Problematic Men

Problematic – a thing that constitutes a problem or difficulty

Ephesians 6:12 – For we wrestle not against flesh and blood , but against principalities, against powers, against the rulers of the darkness of this world, against spiritual wickedness in high places.

INTRODUCTION:

This blog was written to inspire those who are experiencing or have experienced abuse, neglect, and abandonment in their lives from problematic men. Learn how to fight back, win, and move forward in finding God’s destiny and purpose for your life.

Most of us women as young girls dreamed and fantasized about our wedding day and our dream husband.  I did and I’m sure a lot of you did too. I would dream of how beautiful my wedding gown would be, my theme, all the details and a happy ever after. But, the reality is, that’s not how it turned out.  My relationship and marriage started out rough and turbulent and that’s how it ended.

As a young person I struggled with my faith and relationship with Jesus Christ. I first excepted Jesus into my life at the age of 16.  It was a on and off thing.  Never could get it together, stay the course, and grow in Christ like I needed to.  I think my upbringing played a huge part in that.  I grow up in a very dysfunctional home.  Even though my parents went to church they did not do a good job in showing me how to be the christian the bible calls us to be.  They argued and fought a lot and infidelity had it’s place in their marriage.  My father died when I was 10 and my mother was left with the responsibility to raise me and my younger brother. We did suffer mental and physical abuse.  My mother had several boyfriends that lived in the home with us from time to time and she would have fights with them.  She suffered from a gambling addiction that was at times just to much to deal with.  And yet we were still going to church while all this dysfunction was going on around us. So, just giving you a little of my childhood background you probably are starting to see where lot of my problems began.  The enemy had a plan to bring destruction into my life from childhood.  I could have turned to drugs and prostitution,  but I have a testimony today.
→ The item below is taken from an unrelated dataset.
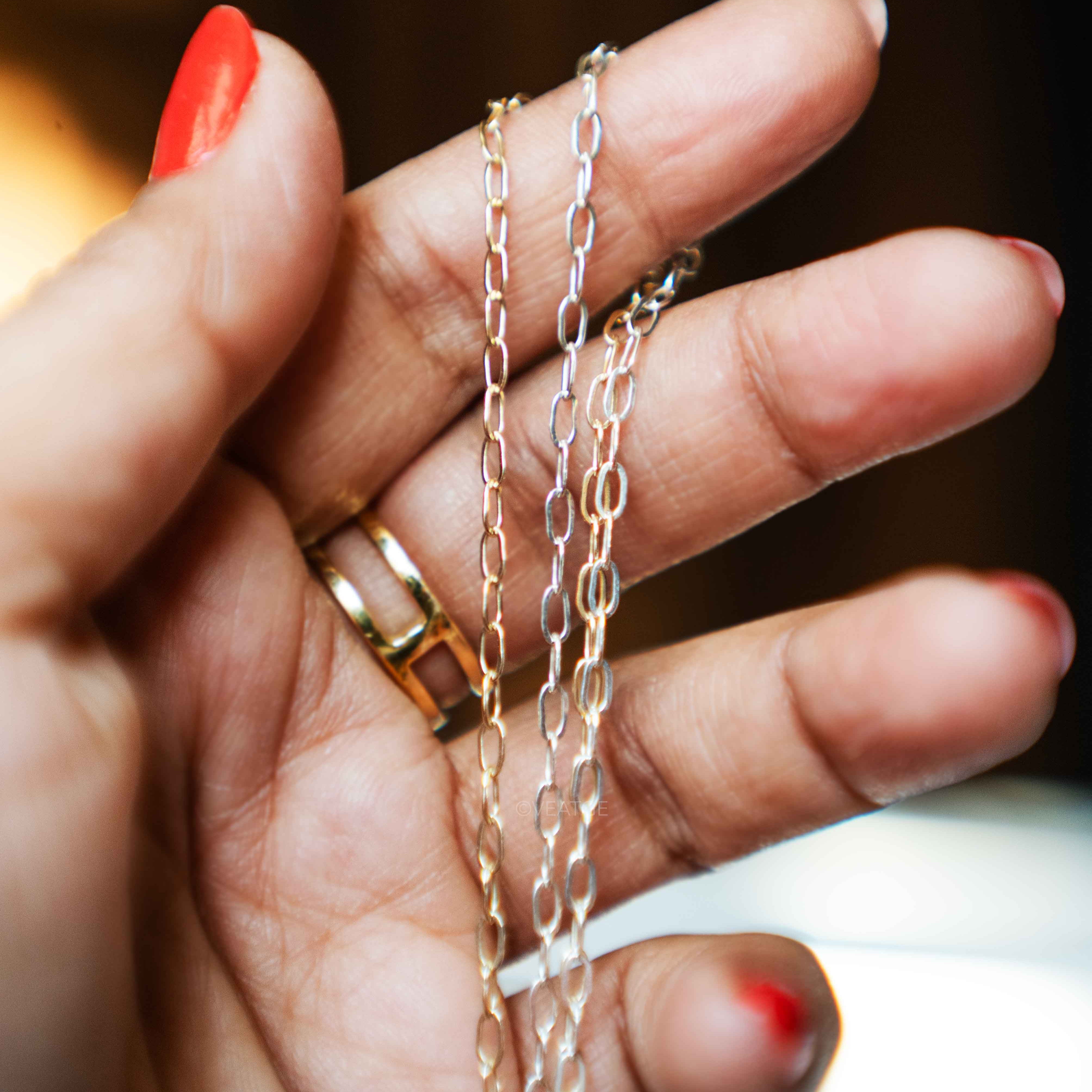 Medium Paperclip Chain Necklace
God’s grace kept me on the right path through all the craziness. The Lord would not allow me to go down that road as so many others have.
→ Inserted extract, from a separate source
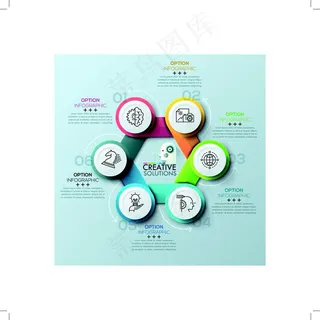 立体圆形标签图片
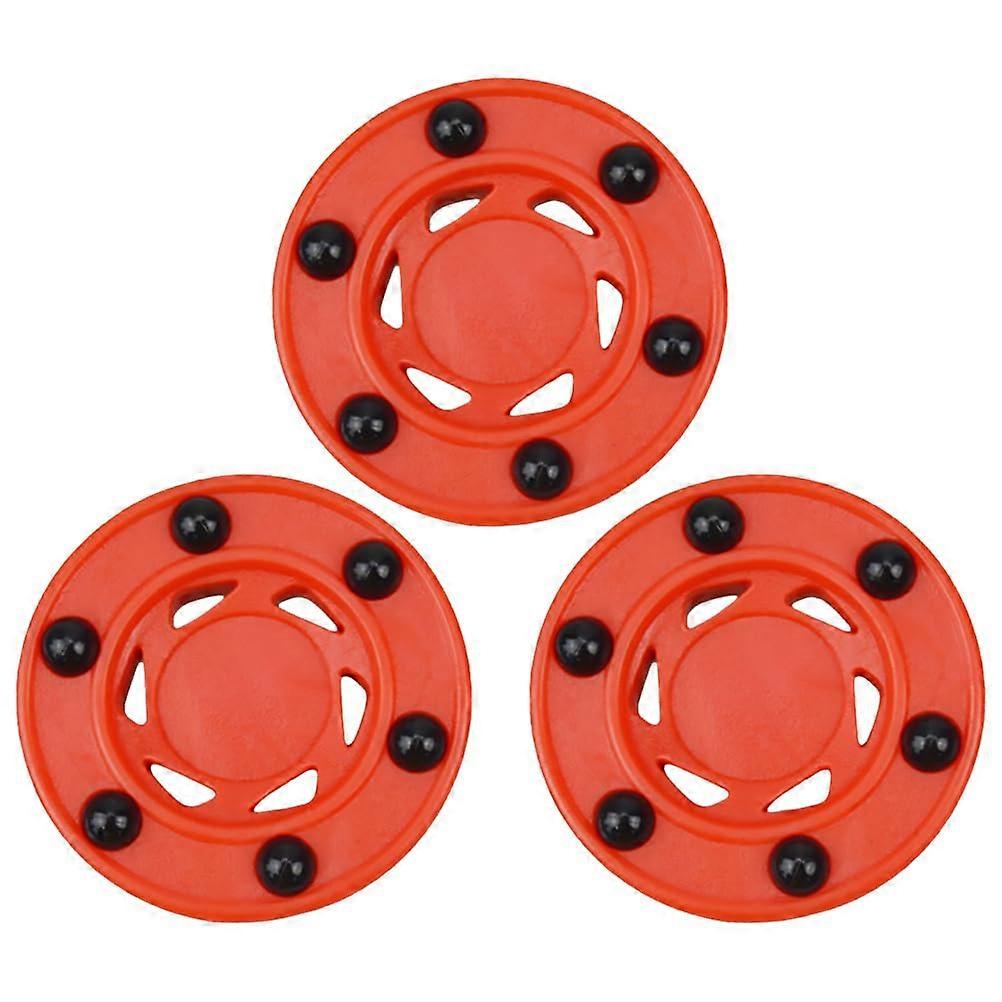Roller Hockey Game Puck Pack of 3 for Inline and Street Hockey, Indoor Outdoor Use, Durable Rubber, Standard Size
For a lot of us women when we meet a guy he’s start’s off being so nice and considerate. He really goes above and beyond to impress you.  We can get so caught up in the bliss that we miss all the warning signs.  We dive in head first without doing our due diligence and taking our time to get to really know him. If we could learn to do that, we would miss a lot of pitfalls and not get into a relationship or marriage with a guy that we would come to regret.  Time is on your side, time is your friend when it comes to these situations. We rush into relationships and marriages prematurely. One day you wake up and realize things are not the same.  His whole demeanor has changed.  He’s not the man you meet and you start to wonder how did you end up in this mess. Well, this is what happened to me. I’m sure a lot of you may have experienced the same thing. Research shows that men that change personalities after some time in a relationship has been through some sort of abuse or has had a traumatic experience in their lives, normally as a child and they have never came face to face with dealing with that issue in a positive and therapeutic way.  They have never dealt with their demons. Unfortunately,  they carry this burden around and most times hide it very well when you meet them. So, what normally happens is in any relationship that they come into, they bring the burden into that relationship and it spills over into our lives. This is the reason the abuse starts and before you know your also a victim just like he is. If your in a relationship or marriage and your a victim of any kind of abuse you need to get out of that situation asap. These kind of men are in need of serious counseling.

This is not a message to bash men and give up hope.  There are good men out there but we have to take the time to really know what kind of man we are dealing with before getting to involved.  Do your homework, take plenty of time because your worth it and you deserve better. Remember, time is on your side and so is God.